» PROBLEM DESCRIPTION
Every line of the listing below should be written out exactly, minus its pictures.

» SOURCE MATERIAL
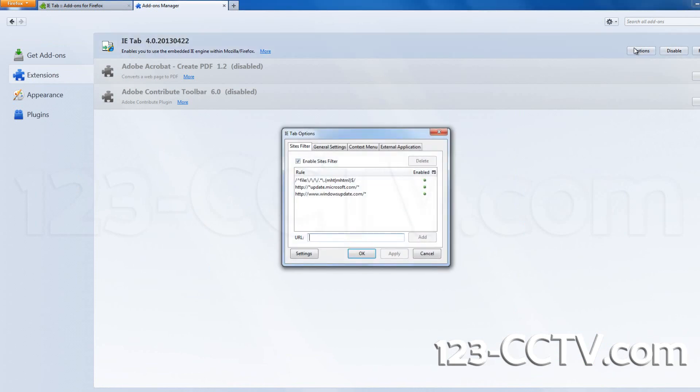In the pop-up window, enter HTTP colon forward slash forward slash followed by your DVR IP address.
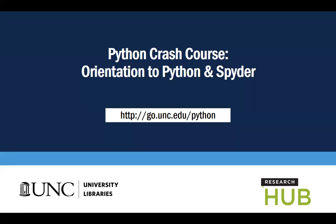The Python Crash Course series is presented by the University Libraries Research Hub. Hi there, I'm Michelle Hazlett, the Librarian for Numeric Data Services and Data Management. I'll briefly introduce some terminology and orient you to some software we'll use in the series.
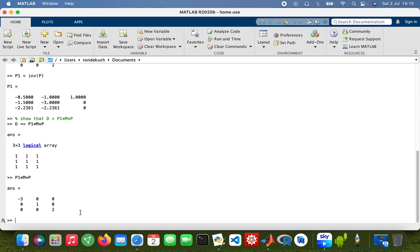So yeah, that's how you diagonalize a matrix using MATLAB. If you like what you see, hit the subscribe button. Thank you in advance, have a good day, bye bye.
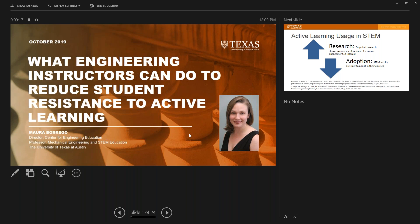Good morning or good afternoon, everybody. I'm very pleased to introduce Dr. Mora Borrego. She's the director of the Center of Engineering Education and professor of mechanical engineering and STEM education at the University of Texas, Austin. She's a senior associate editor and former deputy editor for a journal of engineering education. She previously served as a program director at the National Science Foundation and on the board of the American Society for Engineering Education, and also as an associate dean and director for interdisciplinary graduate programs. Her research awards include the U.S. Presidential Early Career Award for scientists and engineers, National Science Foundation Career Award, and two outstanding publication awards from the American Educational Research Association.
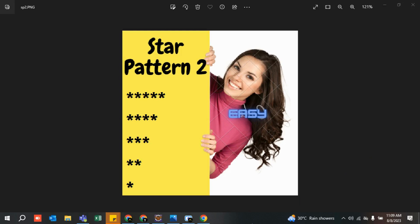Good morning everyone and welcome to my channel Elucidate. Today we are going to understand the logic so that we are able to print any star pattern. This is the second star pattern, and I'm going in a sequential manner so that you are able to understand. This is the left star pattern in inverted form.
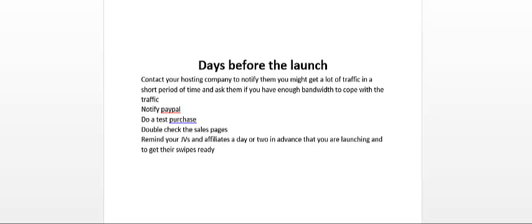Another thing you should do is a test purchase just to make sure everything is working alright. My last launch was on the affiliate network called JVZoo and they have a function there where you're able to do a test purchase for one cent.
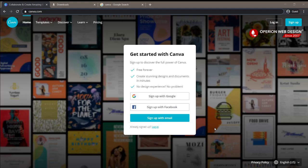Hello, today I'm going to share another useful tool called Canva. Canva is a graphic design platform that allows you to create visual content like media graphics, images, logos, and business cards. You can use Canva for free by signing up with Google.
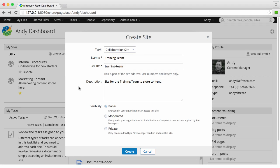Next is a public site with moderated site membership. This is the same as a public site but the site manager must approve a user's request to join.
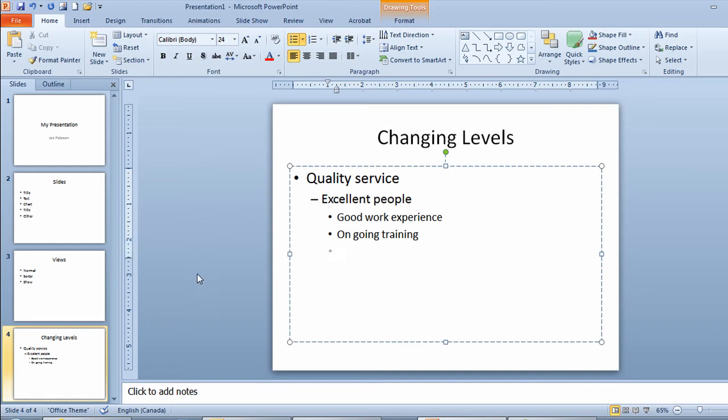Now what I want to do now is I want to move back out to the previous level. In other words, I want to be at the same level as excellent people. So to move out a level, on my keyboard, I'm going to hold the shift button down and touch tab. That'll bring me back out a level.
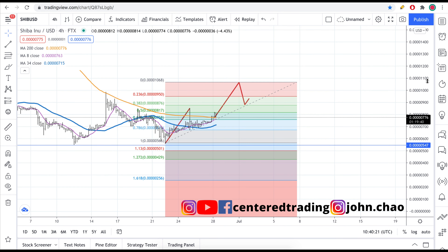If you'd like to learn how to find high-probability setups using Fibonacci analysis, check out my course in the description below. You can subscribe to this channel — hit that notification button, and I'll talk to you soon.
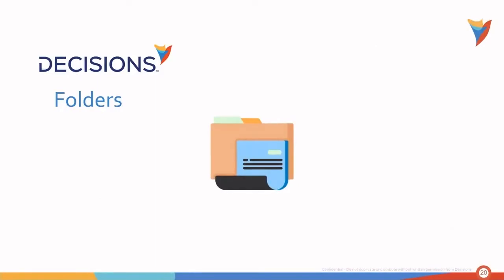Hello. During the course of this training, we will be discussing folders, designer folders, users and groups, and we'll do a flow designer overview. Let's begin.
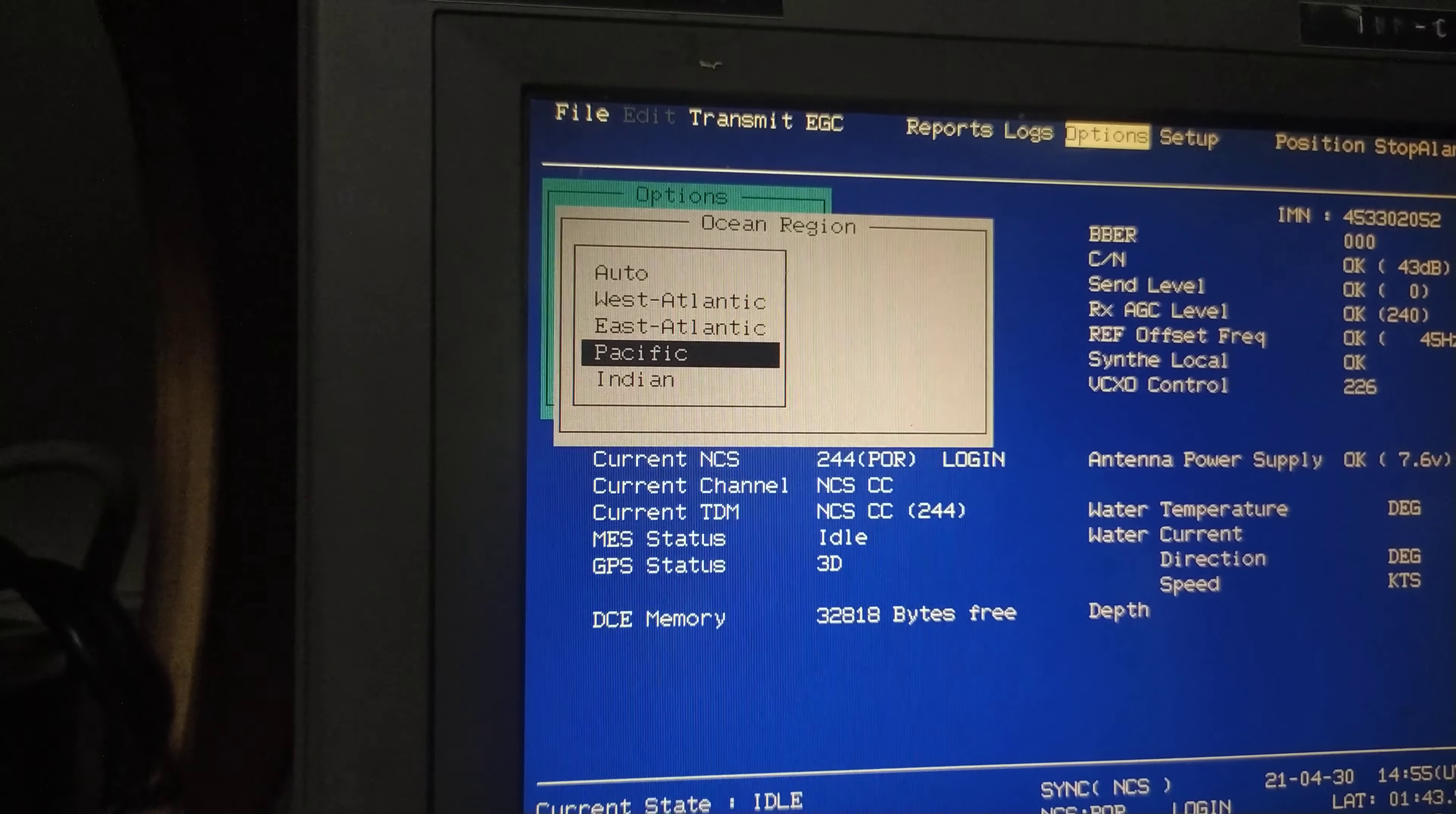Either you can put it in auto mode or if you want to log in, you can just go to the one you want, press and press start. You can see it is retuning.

» TASK OUTPUT
In the pop-up window, enter HTTP colon forward slash forward slash followed by your DVR IP address.
The Python Crash Course series is presented by the University Libraries Research Hub. Hi there, I'm Michelle Hazlett, the Librarian for Numeric Data Services and Data Management. I'll briefly introduce some terminology and orient you to some software we'll use in the series.
So yeah, that's how you diagonalize a matrix using MATLAB. If you like what you see, hit the subscribe button. Thank you in advance, have a good day, bye bye.
Good morning or good afternoon, everybody. I'm very pleased to introduce Dr. Mora Borrego. She's the director of the Center of Engineering Education and professor of mechanical engineering and STEM education at the University of Texas, Austin. She's a senior associate editor and former deputy editor for a journal of engineering education. She previously served as a program director at the National Science Foundation and on the board of the American Society for Engineering Education, and also as an associate dean and director for interdisciplinary graduate programs. Her research awards include the U.S. Presidential Early Career Award for scientists and engineers, National Science Foundation Career Award, and two outstanding publication awards from the American Educational Research Association.
Good morning everyone and welcome to my channel Elucidate. Today we are going to understand the logic so that we are able to print any star pattern. This is the second star pattern, and I'm going in a sequential manner so that you are able to understand. This is the left star pattern in inverted form.
Another thing you should do is a test purchase just to make sure everything is working alright. My last launch was on the affiliate network called JVZoo and they have a function there where you're able to do a test purchase for one cent.
Hello, today I'm going to share another useful tool called Canva. Canva is a graphic design platform that allows you to create visual content like media graphics, images, logos, and business cards. You can use Canva for free by signing up with Google.
Next is a public site with moderated site membership. This is the same as a public site but the site manager must approve a user's request to join.
Now what I want to do now is I want to move back out to the previous level. In other words, I want to be at the same level as excellent people. So to move out a level, on my keyboard, I'm going to hold the shift button down and touch tab. That'll bring me back out a level.
If you'd like to learn how to find high-probability setups using Fibonacci analysis, check out my course in the description below. You can subscribe to this channel — hit that notification button, and I'll talk to you soon.
Hello. During the course of this training, we will be discussing folders, designer folders, users and groups, and we'll do a flow designer overview. Let's begin.
Either you can put it in auto mode or if you want to log in, you can just go to the one you want, press and press start. You can see it is retuning.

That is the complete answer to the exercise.